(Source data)
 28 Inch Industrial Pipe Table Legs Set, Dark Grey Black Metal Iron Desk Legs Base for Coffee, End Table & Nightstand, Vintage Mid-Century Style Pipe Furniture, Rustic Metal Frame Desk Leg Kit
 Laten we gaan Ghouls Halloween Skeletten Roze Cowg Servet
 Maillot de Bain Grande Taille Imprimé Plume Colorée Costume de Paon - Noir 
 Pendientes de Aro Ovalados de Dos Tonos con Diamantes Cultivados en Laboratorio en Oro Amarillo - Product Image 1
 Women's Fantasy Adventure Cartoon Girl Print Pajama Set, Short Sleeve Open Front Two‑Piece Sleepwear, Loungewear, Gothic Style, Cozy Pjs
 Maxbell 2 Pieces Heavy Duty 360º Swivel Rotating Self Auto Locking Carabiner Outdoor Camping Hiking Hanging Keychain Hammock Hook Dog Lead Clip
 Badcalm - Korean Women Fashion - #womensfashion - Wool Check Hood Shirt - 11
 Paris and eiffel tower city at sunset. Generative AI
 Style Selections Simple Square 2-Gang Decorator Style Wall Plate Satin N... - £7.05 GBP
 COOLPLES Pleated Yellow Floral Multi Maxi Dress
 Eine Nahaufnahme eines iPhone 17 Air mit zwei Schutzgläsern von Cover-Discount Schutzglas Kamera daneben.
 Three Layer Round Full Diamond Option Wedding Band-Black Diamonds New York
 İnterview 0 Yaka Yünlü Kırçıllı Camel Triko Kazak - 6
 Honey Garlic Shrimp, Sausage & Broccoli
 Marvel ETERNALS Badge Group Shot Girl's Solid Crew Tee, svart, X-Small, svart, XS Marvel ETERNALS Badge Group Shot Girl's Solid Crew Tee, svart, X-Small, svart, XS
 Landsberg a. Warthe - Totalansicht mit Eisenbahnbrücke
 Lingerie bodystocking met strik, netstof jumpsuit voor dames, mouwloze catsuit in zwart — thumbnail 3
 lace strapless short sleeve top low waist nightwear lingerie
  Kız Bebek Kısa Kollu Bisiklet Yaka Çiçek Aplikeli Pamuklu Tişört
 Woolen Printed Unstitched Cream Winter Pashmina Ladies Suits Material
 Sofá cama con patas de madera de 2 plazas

## Problem requirements
In the data above, repeat exactly each line from the first through the line that contains "svart, XS Marvel", and give nothing else.

## The completed task
 28 Inch Industrial Pipe Table Legs Set, Dark Grey Black Metal Iron Desk Legs Base for Coffee, End Table & Nightstand, Vintage Mid-Century Style Pipe Furniture, Rustic Metal Frame Desk Leg Kit
 Laten we gaan Ghouls Halloween Skeletten Roze Cowg Servet
 Maillot de Bain Grande Taille Imprimé Plume Colorée Costume de Paon - Noir 
 Pendientes de Aro Ovalados de Dos Tonos con Diamantes Cultivados en Laboratorio en Oro Amarillo - Product Image 1
 Women's Fantasy Adventure Cartoon Girl Print Pajama Set, Short Sleeve Open Front Two‑Piece Sleepwear, Loungewear, Gothic Style, Cozy Pjs
 Maxbell 2 Pieces Heavy Duty 360º Swivel Rotating Self Auto Locking Carabiner Outdoor Camping Hiking Hanging Keychain Hammock Hook Dog Lead Clip
 Badcalm - Korean Women Fashion - #womensfashion - Wool Check Hood Shirt - 11
 Paris and eiffel tower city at sunset. Generative AI
 Style Selections Simple Square 2-Gang Decorator Style Wall Plate Satin N... - £7.05 GBP
 COOLPLES Pleated Yellow Floral Multi Maxi Dress
 Eine Nahaufnahme eines iPhone 17 Air mit zwei Schutzgläsern von Cover-Discount Schutzglas Kamera daneben.
 Three Layer Round Full Diamond Option Wedding Band-Black Diamonds New York
 İnterview 0 Yaka Yünlü Kırçıllı Camel Triko Kazak - 6
 Honey Garlic Shrimp, Sausage & Broccoli
 Marvel ETERNALS Badge Group Shot Girl's Solid Crew Tee, svart, X-Small, svart, XS Marvel ETERNALS Badge Group Shot Girl's Solid Crew Tee, svart, X-Small, svart, XS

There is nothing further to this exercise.